Reaction to Cartoons
I see that Thurber’s cartoons are dry and it takes a certain sort of humor to immediately appreciate them. I think that after one reads them and studies them briefly, they can still be appreciated regardless of any humor, primarily because many of them are universal in their own way. Thurber, known for showing men who overstep their boundaries in one way or another, and women who are not going to put up with it, managed to clue into this vein with the American public time and time again.
One panel shows an obviously drunk man who has managed to stumble home with a rabbit without knowing why, he appears to be a magician, there is a woman who we presume to be his wife fuming on the other side of the panel. It seems that this is hilarious whether one is married, in a relationship, or has even made a significant other angry by being drunk or not because many of us by adulthood have angered a friend or significant other, or had somebody anger us why intoxicated.

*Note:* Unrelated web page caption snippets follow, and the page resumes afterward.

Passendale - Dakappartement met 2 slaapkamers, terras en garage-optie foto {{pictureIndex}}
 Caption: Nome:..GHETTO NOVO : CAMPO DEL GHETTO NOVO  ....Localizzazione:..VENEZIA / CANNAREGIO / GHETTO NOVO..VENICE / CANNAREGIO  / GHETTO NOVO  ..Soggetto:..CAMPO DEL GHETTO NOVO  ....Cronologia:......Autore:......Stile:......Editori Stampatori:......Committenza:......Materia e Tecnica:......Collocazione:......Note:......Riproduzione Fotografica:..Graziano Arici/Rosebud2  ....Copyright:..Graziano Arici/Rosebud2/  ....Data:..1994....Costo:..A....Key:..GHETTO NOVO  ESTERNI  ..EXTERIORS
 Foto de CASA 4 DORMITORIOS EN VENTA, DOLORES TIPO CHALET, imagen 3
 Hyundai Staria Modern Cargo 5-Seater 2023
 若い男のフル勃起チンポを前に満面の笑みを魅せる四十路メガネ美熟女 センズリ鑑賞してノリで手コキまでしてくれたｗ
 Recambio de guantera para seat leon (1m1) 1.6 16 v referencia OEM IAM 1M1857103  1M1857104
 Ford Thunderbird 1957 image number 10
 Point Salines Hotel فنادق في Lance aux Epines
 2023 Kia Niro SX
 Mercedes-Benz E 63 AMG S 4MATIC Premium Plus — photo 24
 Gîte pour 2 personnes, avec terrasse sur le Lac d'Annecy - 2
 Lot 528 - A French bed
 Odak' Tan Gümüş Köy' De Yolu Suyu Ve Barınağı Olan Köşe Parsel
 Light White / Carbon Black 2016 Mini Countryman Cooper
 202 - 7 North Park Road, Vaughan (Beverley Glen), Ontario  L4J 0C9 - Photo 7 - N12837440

In my opinion, it is relatable and true, and therefore, funny.
Another panel shows an obviously terrified man on stand for trial. The judge looks angry and the cross-examining prosecutor is holding a kangaroo as evidence. We are not even sure it is a kangaroo due to Thurber’s poor artistic abilities. A good quote is, “Maybe this will refresh your memory.” Who knows what the trial is about, or why the kangaroo is there, but the prosecutor is sure it will clinch the case based on the look on his face. It takes us a moment to realize it is perhaps the sheer absurdity of an Australian marsupial in open court, being used as pivotal evidence that is so funny.
In a separate cartoon, Thurber shows his obvious artistic limitations, featuring his ex-wife on top of a bookshelf, and his current wife down on the floor beside him. The people in the drawing are hilariously one-dimensional and crude, and the bookshelf was not even intended to be in the drawing, but was featured because Thurber lacked the basic skills to draw a staircase. I feel that the fact that he did not let this limit him and instead went with it, drawing his classically styled angry woman on top of a bookshelf and dubbing her an ex-wife makes the panel funnier. Moreover, it appears the man discarded his ex-wife like one would an old book or a forgotten photo. These elements detract slightly from the hilariousness of the panel, adding an element of depth. We do, in our own way, try to discard the past as quickly as possibly despite how strongly it lingers. Though Thurber meant to create an entirely different cartoon, he managed to make something funny that also speaks to the inner voice in all of us that perhaps wishes our past did not feel as though it was hovering on the top of every shelf.
In conclusion, many of the panels show the dryness of Thurber’s humor. For example, some of his jokes do not seem like jokes at all, but rather strange cartoons with unrelated one-liners that need to be examined further. In one particular panel he expresses everything from a man expressing he heard a seal bark (there is indeed a seal peeking out over the back of the bed’s headboard), and discussing how the wine was “bred” as a group sit down to dinner. While taking into account that he was creating cartoons for The New Yorker, it makes the panels more hilarious because it is almost as if he is making fun of the reader base. However, he cannot be simply because the punchlines are not always obvious. The poor quality of the art created an untraditional cartoon collection for the magazine, but many of the jokes, once assessed, held the same satirical value as other cartoons and articles of the 1940’s and 1950’s.